Several teachers had received an allowance for 43 days of work rather than the 43 hours they were owed.
Another teacher had been working fulltime since the beginning of the term and had still not been paid.
Novopay should pay for the hassle and frustrations caused by the errors, he said.
Waimea Intermediate principal Cleve Shearer said the process had been "amazingly frustrating" and "an absolute waste of time".
He estimated staff had spent an extra 40 to 60 hours working through fixing various errors, and this was the first pay cycle where the school had no errors.
He was also concerned that the system would struggle when it came time to process end-of-year and start-of-year payments in the next month.
Lower Moutere School principal Barbara Bowen said after starting relatively successfully with Novopay and trying to be as positive as possible, the school now had several unresolved issues and had lost confidence in the system.
She was particularly concerned at how the system would cope with end-of-year and start-of-year payments coming up.
It was a real concern that staff were having to even think about this during such a busy time of year, she said.
"It is a distraction away from our real business of teaching and learning and ultimately must be affecting children as staff morale and time is eroded."
School administration staff were suffering the most.
"They are the meat in the sandwich between Novopay, the ministry, principals and school staff and have a myriad of other roles to fulfil which are just impossible to juggle with the time having to be spent on Novopay.
"There are some very stressed and frustrated people out there."

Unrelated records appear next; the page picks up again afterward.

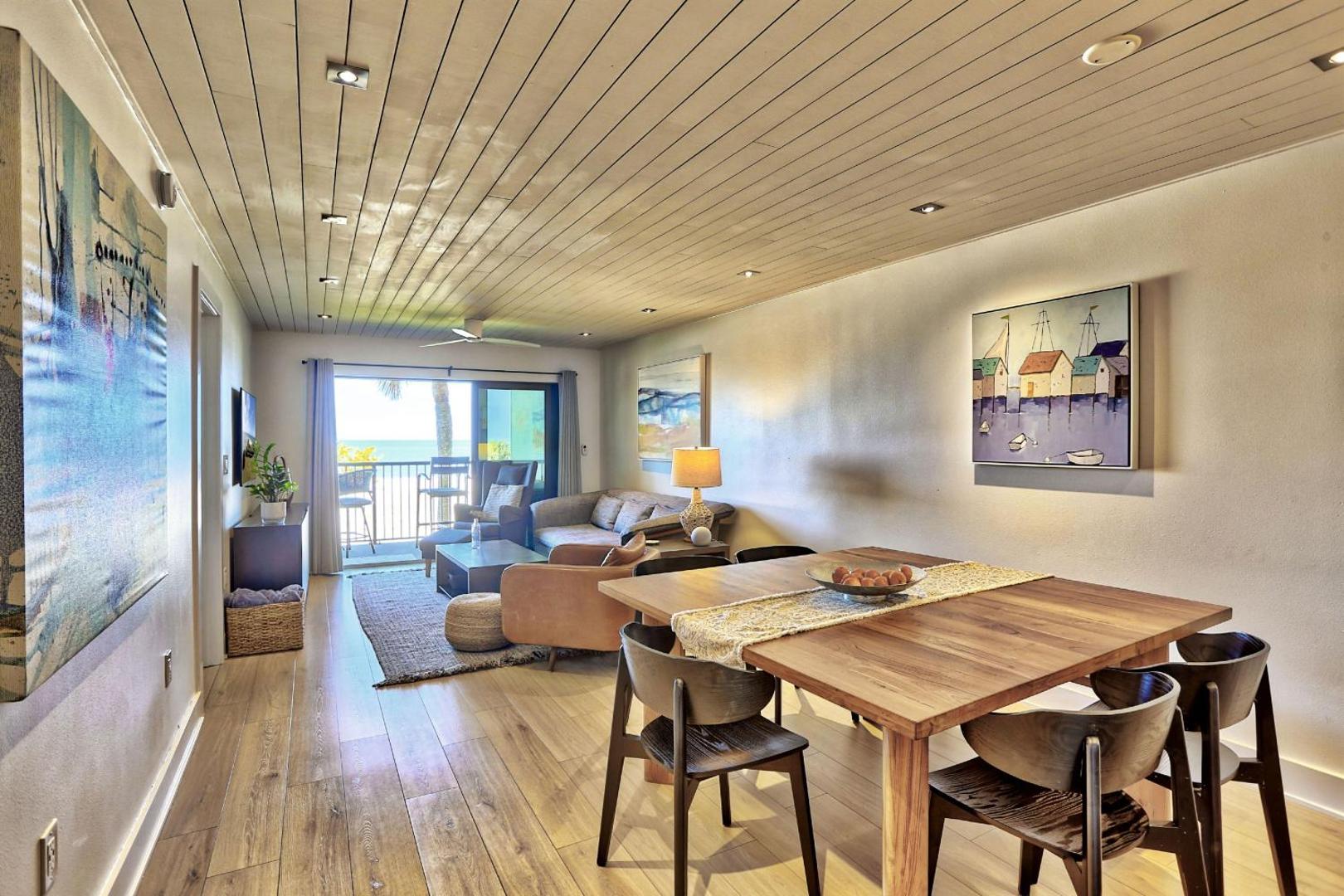 Land's End Building 11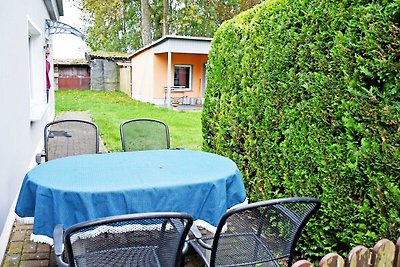 Ferienhaus Birgit mit Terrasse im Grünen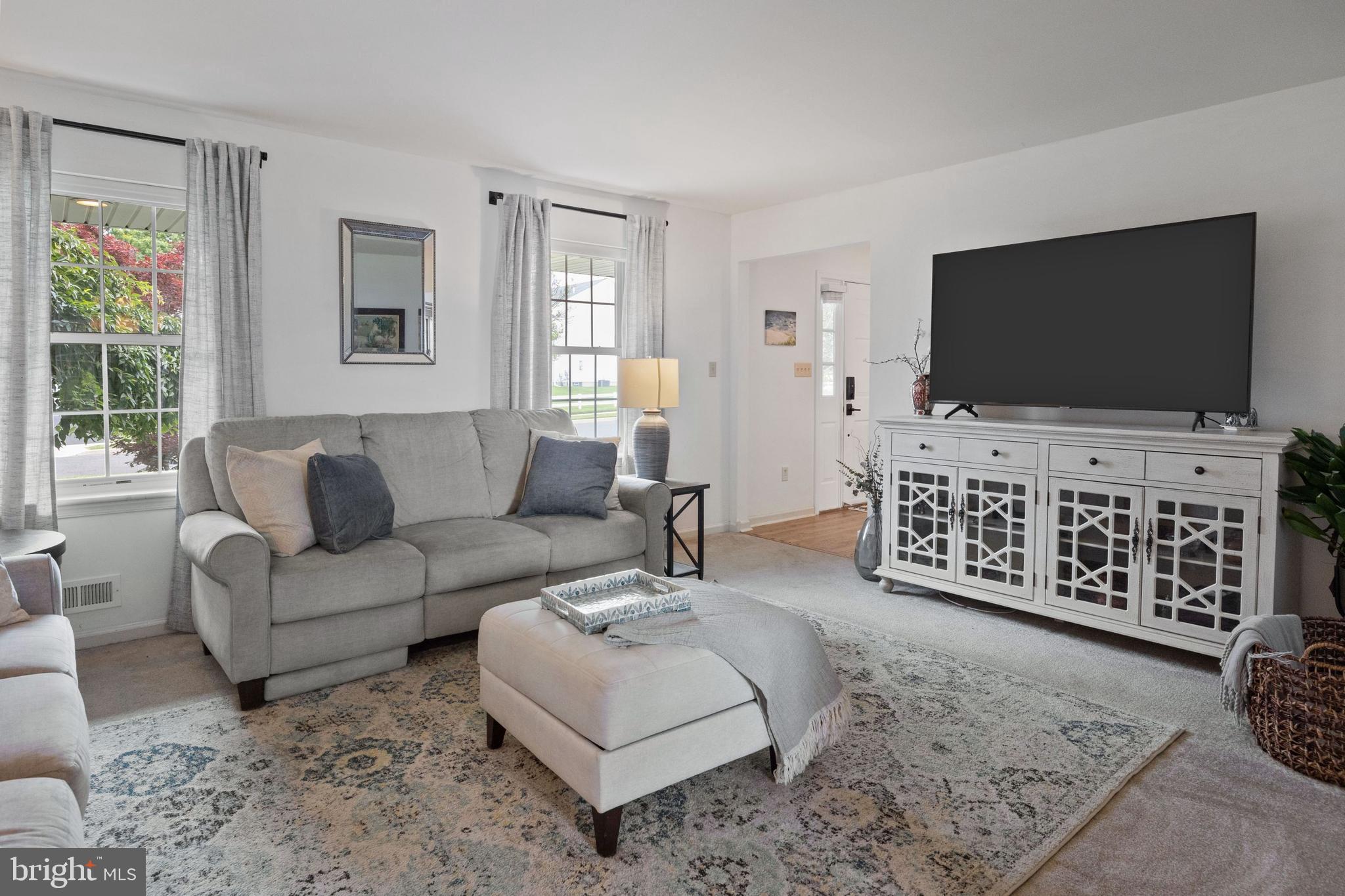 3210 Colonial Road Hatboro, PA 19040 - Photo 5 of 29 Living Room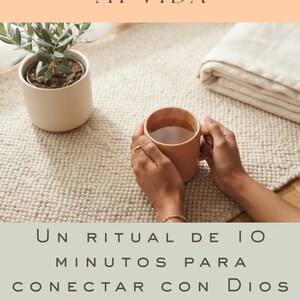 A vertical Pinterest pin graphic for a Spanish Bible study guide. The top section shows a person journaling on a rug with a candle and mug. Text reads: EL HÁBITO MATUTINO QUE ESTÁ CAMBIANDO MI VIDA. The middle shows hands with a mug, plant, and blanket, with text: UN RITUAL DE 10 MINUTOS PARA CONECTAR CON DIOS. The bottom section displays printable journal pages with Spanish headers. Text at the bottom: GUÍA DE ESTUDIO BÍBLICO EN ESPAÑOL. print at home · instant download. AESTHETIC MODERN FAITH.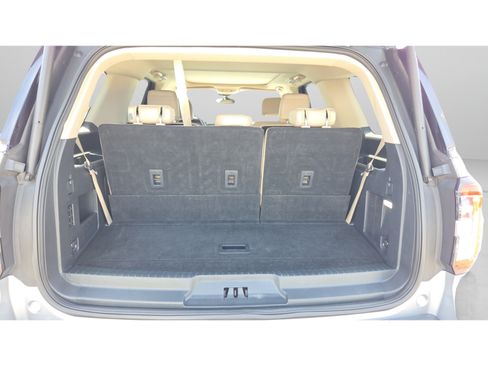 Used 2024 Ford Expedition Limited AWD/4WD image 13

Waimea College had 11 ongoing issues, which resource manager Diane Chapman said was "pretty good" for a staff of 180.
The issues were a mix of both under and over payment and relate to both teaching and support staff, and were slowly getting fixed, she said.
"A frustrating part is that each pay run throws up a different issue which needs resolution," she said.
The ministry said it would continue to make additional resources available to give schools the support they needed, particularly in terms of end-of-year and start-of-year reports.
Novopay developers Talent2 had also increased its resourcing.
- with Fairfax
- The Nelson Mail
Does Nelson deserve to be classed as a city?Related story: (See story)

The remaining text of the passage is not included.